Nansen, Who?


Niels C.B. Larsen at Gyldendal, the publishing house of which Peter Nansen was director a century ago. Photo: LCL.


Concentration getting to know the secrets of an artwork and all the more so as it was Niels's first encounter with Peter Nansen as portrayed by Valdemar Andersen.

It is a playful portrait. Valdemar Andersen is telling a story in three tiers of a gentleman of the night. He is sitting diagonally on a golden chair, while his blinding white waistcoat, shirt and tie of his evening attire attempts to soak up our attention. He is nonchalance personified to a degree that the less than healthy colour of his skin recedes into the background.


Valdemar Andersen, Peter Nansen, 1911. Gyldendal.

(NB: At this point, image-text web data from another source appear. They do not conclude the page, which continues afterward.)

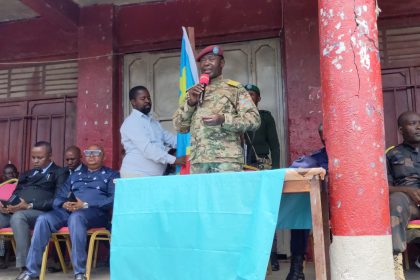 L'administrateur intérimaire d'irumu Colonel Mande Bwemba Robert, en plein meeting à Kasenyi, chef lieu du secteur de Bahamas, photo Joab-Tibamwenda, 21 octobre 2025.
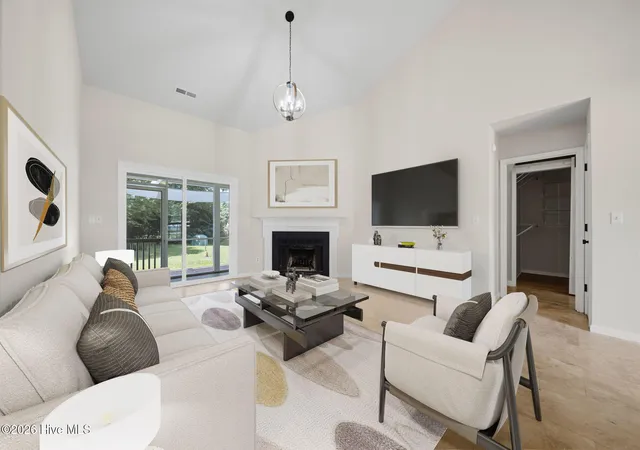 Photo 4 of Single family home for sale at 2704 Manor Ct, Wilmington, NC 28405 | MLS# 100584579 | Listing updated on 2026-08-21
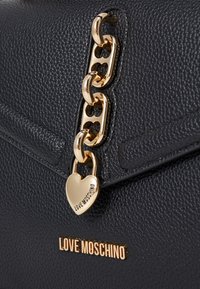 Love Moschino CHAIN DETAIL CROCO - Ručna torba - nero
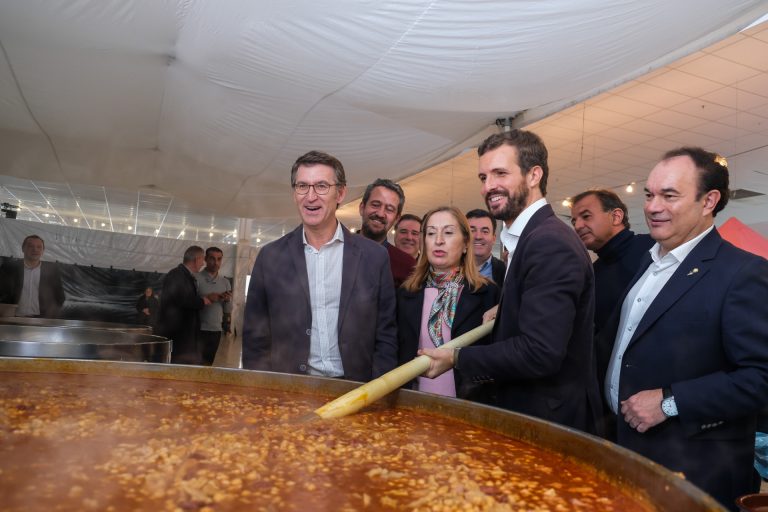 VÍDEO: 10N.- Casado anuncia que Ana Pastor será ministra de nuevo si gobierna como fue con Aznar y Rajoy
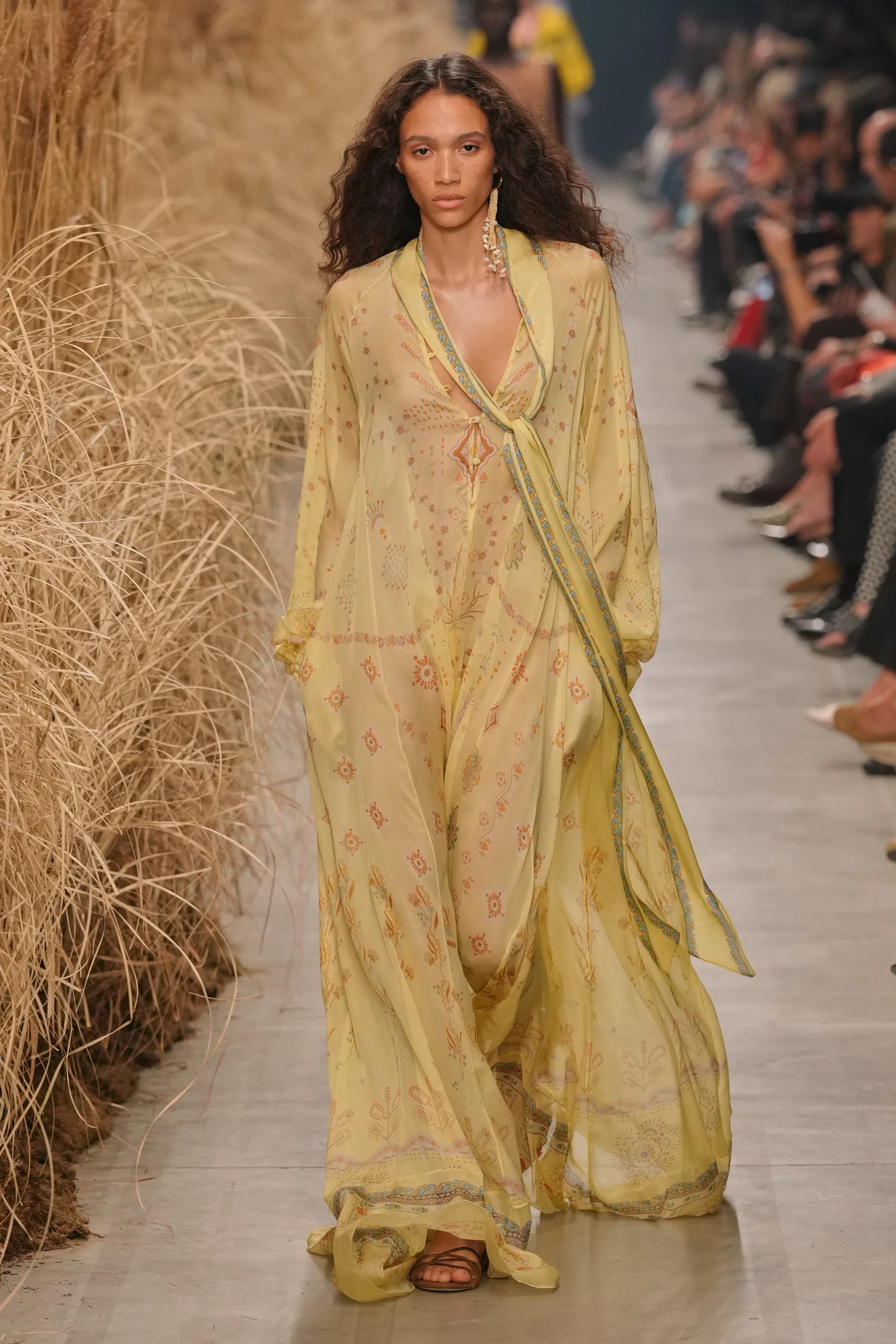 2027年春夏コレクション_ETRO(エトロ)_モデル_28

Peter Nansen would have been sitting for his portrait just as he was present when it was first exhibited in 1912. He absolutely consented to the indications laid out. It was a public secret at the time that Nansen had a troubled affiliation with morphine. 

His head is presented on a background of a blue-purple busily patterned wallpaper. It is not making itself known at first sight, but once seen the swirls resemble thought processes circling wildly among themselves. 

In fact there is a lot of detailing for such a tiny strip of room around his figure. The green sofa that is pushing itself into his background was a fixture in any room Valdemar drew around this time. There is no reason why it is here, unless it is to demarcate Nansen's disdain for everything bourgeois.

By this time Peter Nansen had long put his writing career behind him to manage the enterprise that is a publishing house, buying up his competitors. In 1908 he celebrated his 25th jubilee as an author and the satirical magazine Plat'Menagen recounted the festivities as that of a hero: The author who becomes a classic when he is no longer read - or remembered for that matter. 

Valdemar Andersen drew the monument with the first letters of the publishing houses now under one roof for his personal initials. School children would gather around such a monolith, while their teacher would be busy looking him up: Nansen, Who?